おんなは度胸 1992年(平成4年) ドラマ傑作選

母親を早くに亡くした玉子(泉ピン子)は、東京で弟妹の母親代わりをしながら、
父親の小料理屋「割烹やましろ」を手伝っていた。
やがて玉子は、店の得意客・花村清太郎(藤岡琢也)に惹かれ、彼の後妻に入ることに。
嫁ぎ先は、温泉ブームに取り残された有浜温泉の老舗旅館「はなむら」
女将として頑張り始める玉子だが、先妻の長女や帳簿を握る仲居から敵対視され、
次女・裕子(桜井幸子)からも冷たい視線を向けられる。
だがやがて、玉子の懸命に働く姿に感銘を受けた裕子は、玉子とともに旅館を支えようと奮闘する。
ドラマは今から約十年前の関西の温泉旅館が舞台。後妻として東京から嫁いだ玉子(泉ピン子)が、
清太郎の次女・裕子(桜井幸子)とともに、老舗旅館を支えていくというNHK版「細腕繁盛記」
何ごとにもひたむきに一生懸命汗して頑張る玉子と、旅館を継ぐ気など毛頭なかった裕子が、
玉子の姿に感銘を受けていく過程が見どころの一つ。
もうひとつは、先妻の長女(藤山直美)と古参の仲居(園佳也子)のコンビによる玉子いびり。
とにかく突然、東京の小料理屋からやってきた玉子はえたいのしれない存在。財産目当てかと
警戒するのも当たり前の話。

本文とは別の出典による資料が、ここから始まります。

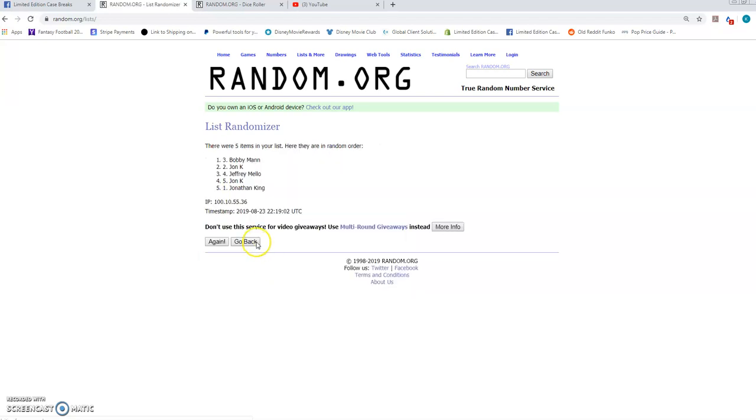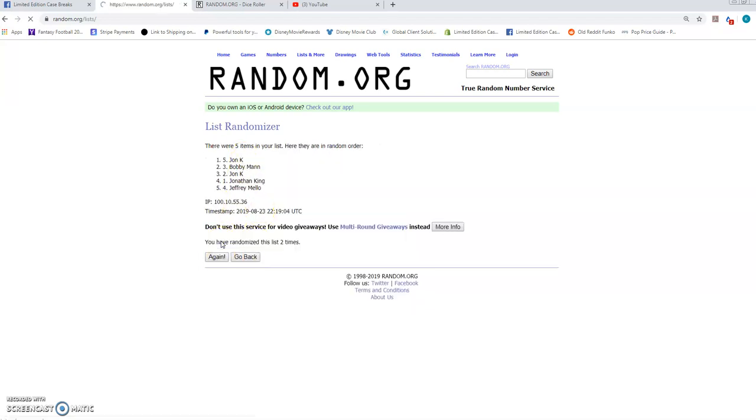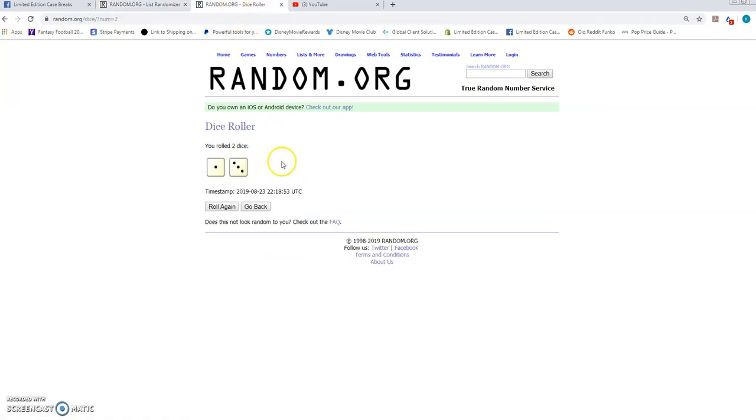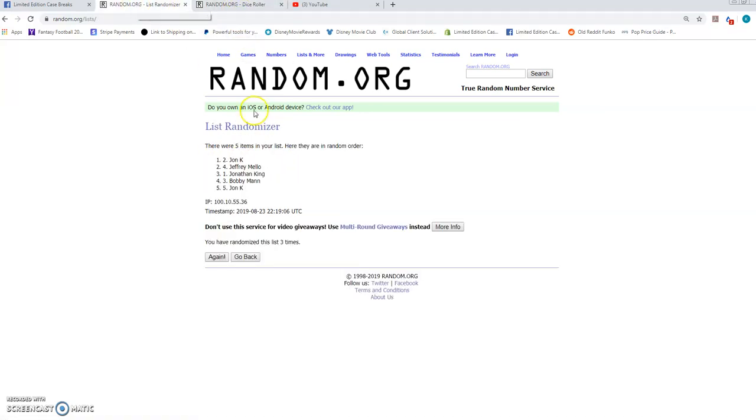1. We have Bobby on top. 2. 3. After 3 times we have John on top, John on the bottom. Dice roll was a 4. Good luck guys. Top 2 and spot 5.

それゆえ玉子のやること成すことに、いちいち文句を付ける。
この二人から、ポンポンと威勢よく出る「いびり」はエネルギッシュで辛らつだ。
「あまりいじめないで」「ひどすぎる」といわれながらも、ヒロインへのいびりが冴えるに従い、
視聴率が大幅にアップ。(最高視聴率45.4%)
奇妙といえば奇妙な話だが、これも視聴者の心を的確につかんだ橋田寿賀子の脚本と役者の
名演技の成せるワザであろうか。
なお、ダブルヒロインとして、花村家の次女を演じたのは新人の桜井幸子。
600人の応募者から、オーディションで選ばれた千葉県出身の18歳。
慣れない大阪弁には苦労したようだが、きらりと光る存在感で視聴者を魅了した。